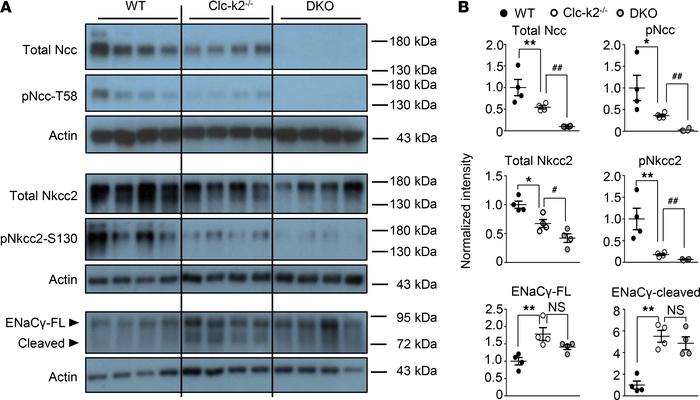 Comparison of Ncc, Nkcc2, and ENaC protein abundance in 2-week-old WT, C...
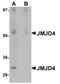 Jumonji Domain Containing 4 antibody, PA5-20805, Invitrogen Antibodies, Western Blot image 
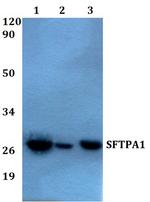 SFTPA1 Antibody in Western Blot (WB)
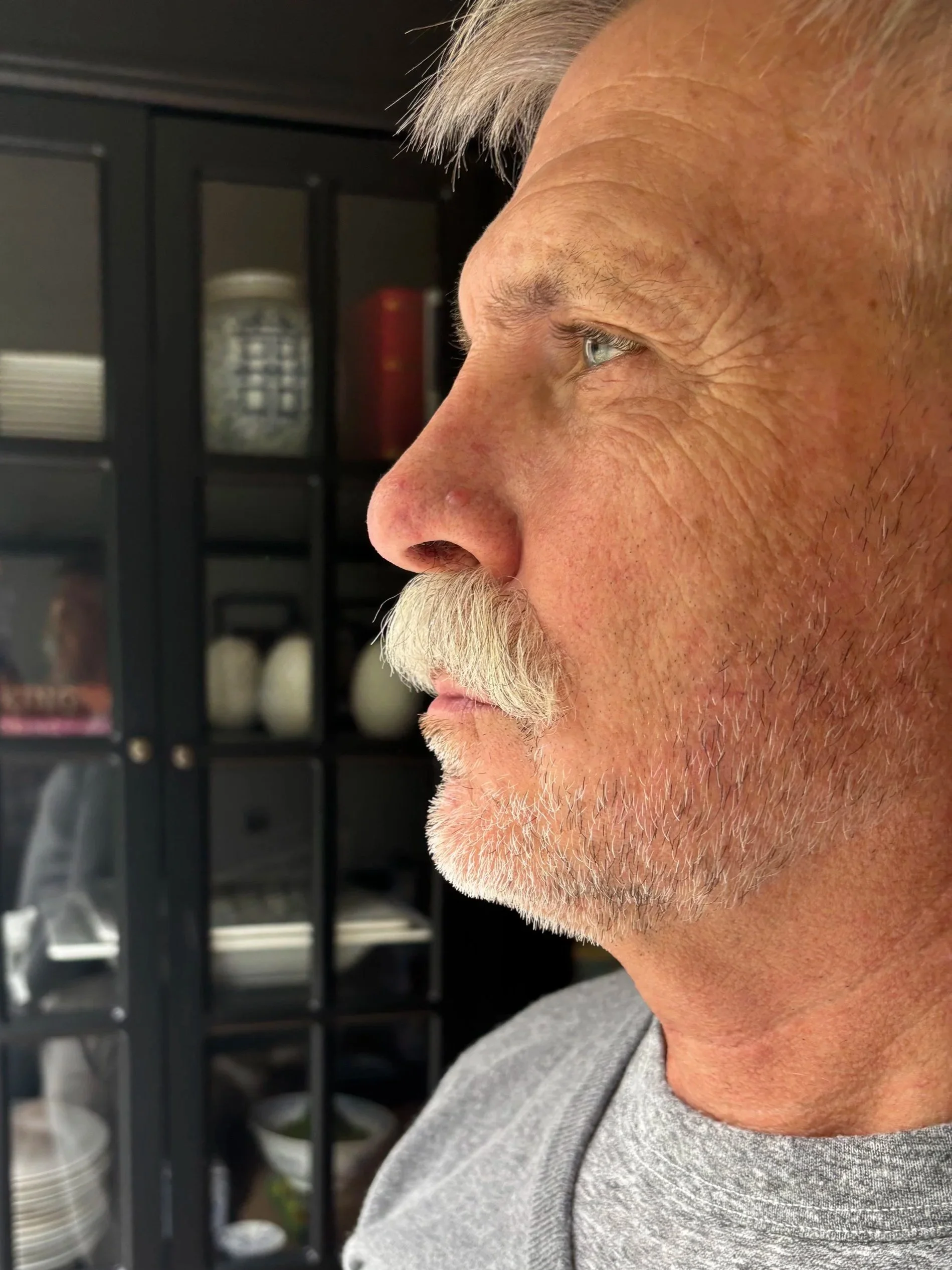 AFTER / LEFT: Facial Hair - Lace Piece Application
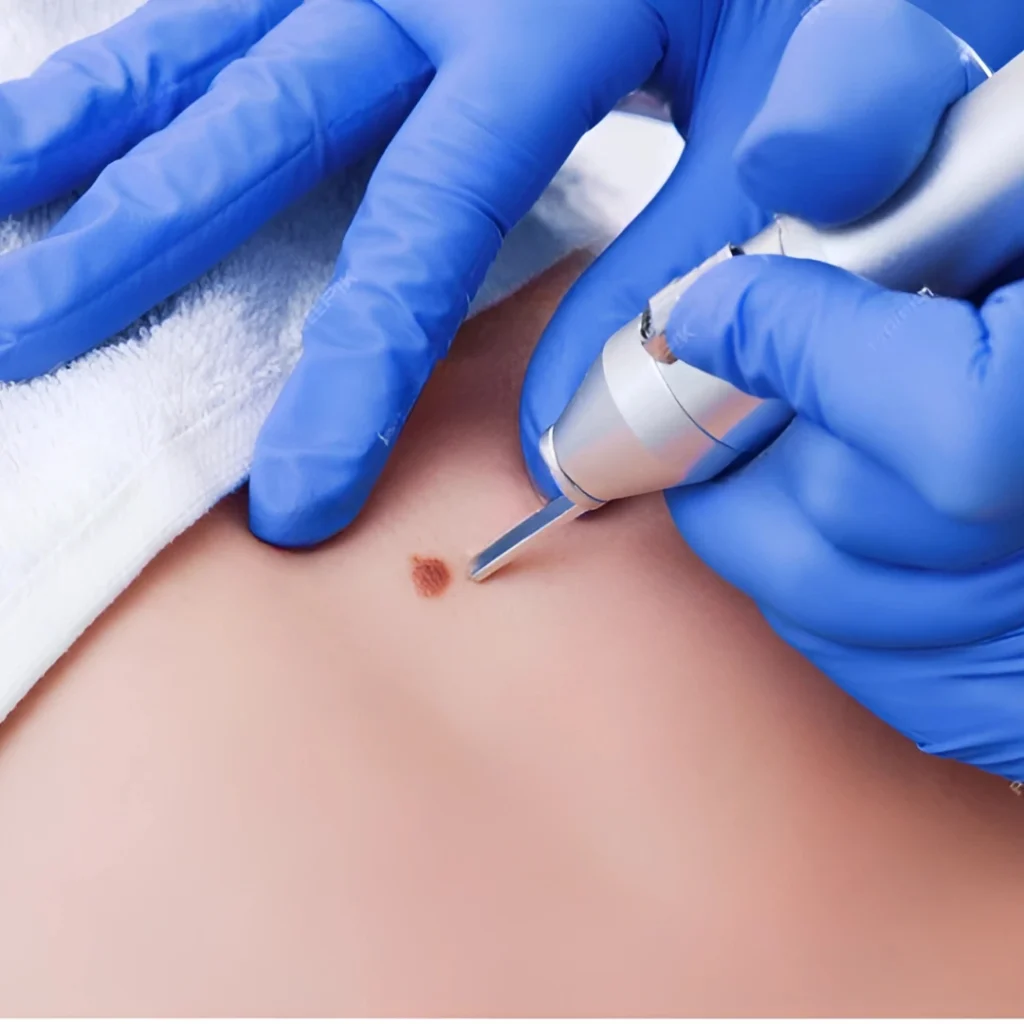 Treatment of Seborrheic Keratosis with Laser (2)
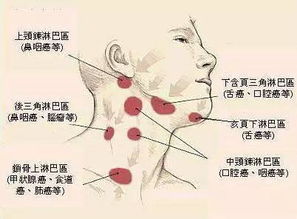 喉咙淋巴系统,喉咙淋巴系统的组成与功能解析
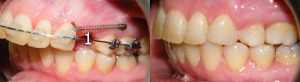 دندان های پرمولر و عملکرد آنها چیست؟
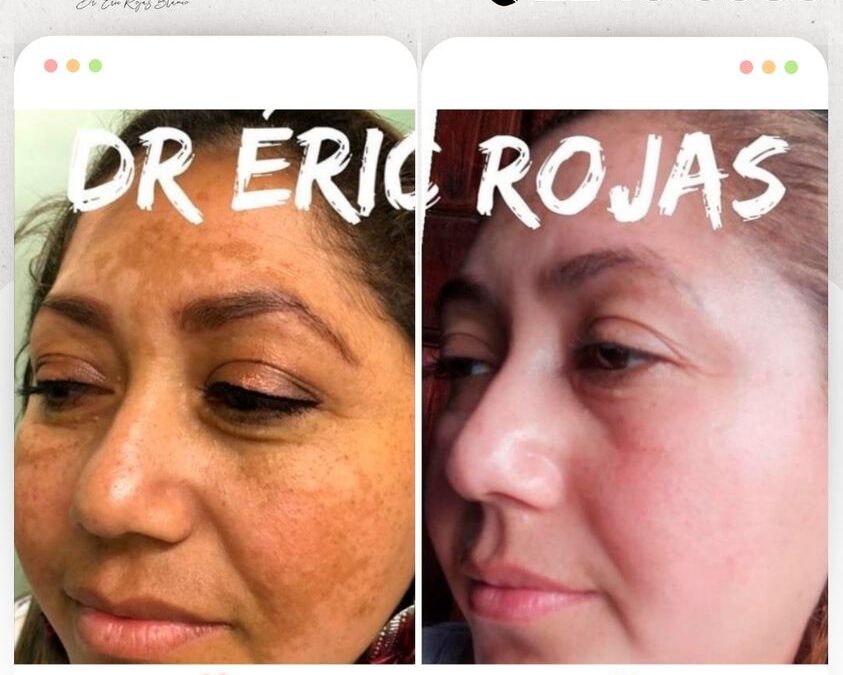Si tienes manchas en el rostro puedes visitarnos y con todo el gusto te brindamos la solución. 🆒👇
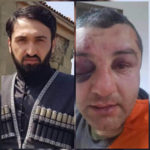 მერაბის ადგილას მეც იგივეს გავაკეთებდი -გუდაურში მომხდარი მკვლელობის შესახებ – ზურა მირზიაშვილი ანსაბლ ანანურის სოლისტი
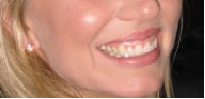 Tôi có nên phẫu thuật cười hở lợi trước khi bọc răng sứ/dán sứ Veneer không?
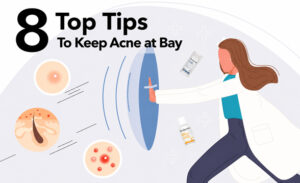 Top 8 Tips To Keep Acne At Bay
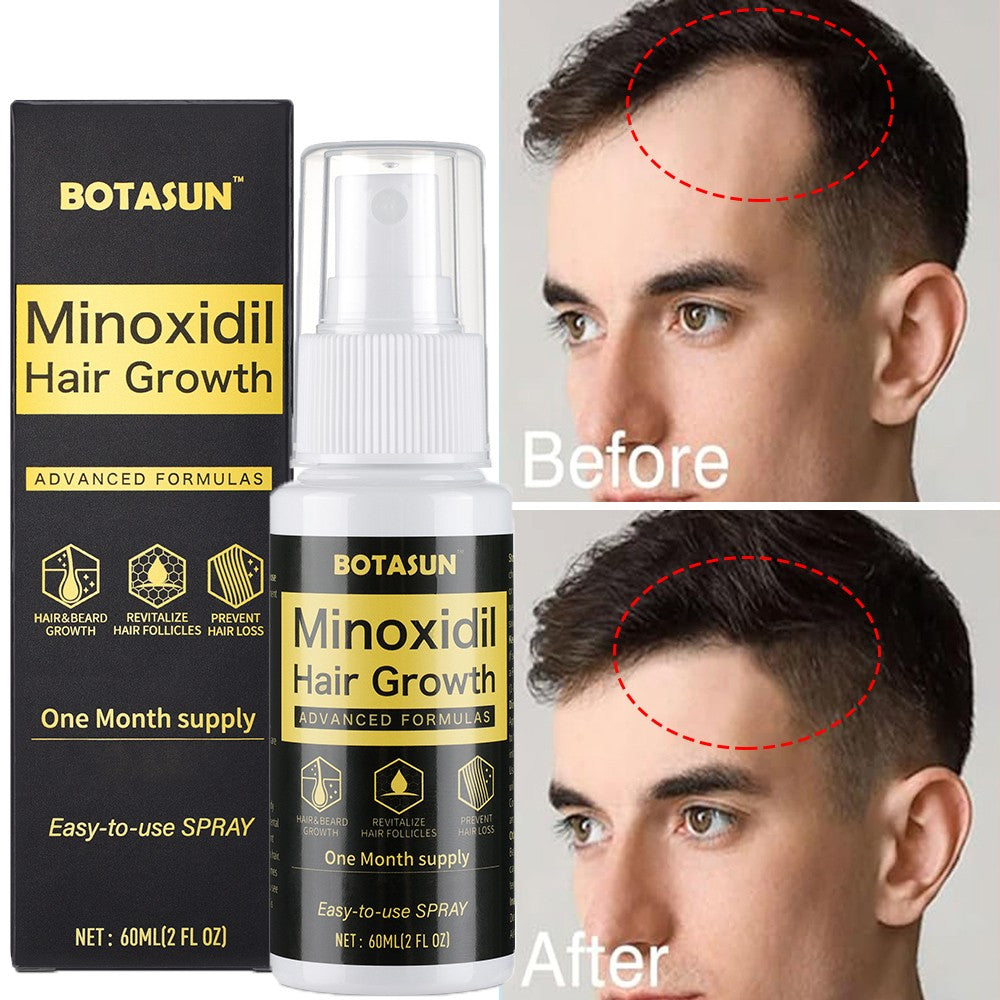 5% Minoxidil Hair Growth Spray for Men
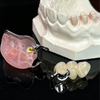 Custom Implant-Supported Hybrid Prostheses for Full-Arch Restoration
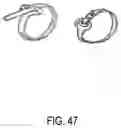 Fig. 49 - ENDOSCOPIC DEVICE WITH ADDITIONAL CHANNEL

.....

What you will do: The output must start at the line holding "5% Minoxidil Hair Growth Spray for Men", end at the last line of the listing above, and show each line exactly; please omit all pictures.

Expected output:
 5% Minoxidil Hair Growth Spray for Men
 Custom Implant-Supported Hybrid Prostheses for Full-Arch Restoration
 Fig. 49 - ENDOSCOPIC DEVICE WITH ADDITIONAL CHANNEL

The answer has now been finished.